Opinionated set of extensions for pi

Downloads

499

Readme


moonpi is set of extensions for pi that are actually useful for a coding agent. No fluff. No over-engineered architecture. Just practical guardrails, structured workflows, and pragmatism.


Opinions

moonpi is built around a few strong opinions.

If these resonate with you, you might find this set of extensions useful:

  • Subagents are a waste of tokens. Subagents are useless and just a conspiracy to make us use more tokens. Tin foil hat firmly on.

  • Plan mode is actually useful - but only if history is retained. Plan mode becomes pointless when the model outputs a "plan" and then loses all the context that produced it. Planning only works when the planning conversation remains part of the execution context.

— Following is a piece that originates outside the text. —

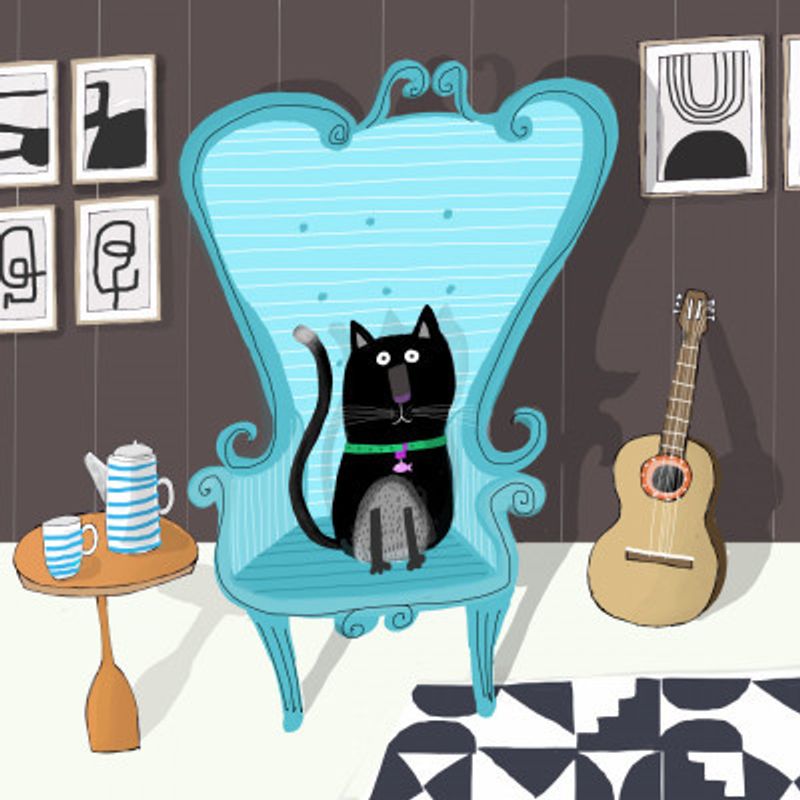 Cute Black Cat sitting on Blue Armchair by Artist Carla Daly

  • Context is king. Why make the model guess which files matter for a task, wasting tokens and time wandering through the project, when you can inject the relevant files directly into the context? Context matters more than models or harnesses, control the context and you control the result.

  • Rejecting reads and writes outside the working directory is good steering. Yes, we all know the model can write and execute code, and yes, sandboxing is hard. But telling the model "hey, you cannot read that" when it reaches outside the project helps steer behavior. May our benevolent AI overlords accept this humble suggestion.

  • Read before write is mandatory. If a model tries to overwrite a file without reading it first, that is an error. It should not be allowed. Period.

  • Prompt cache affinity matters.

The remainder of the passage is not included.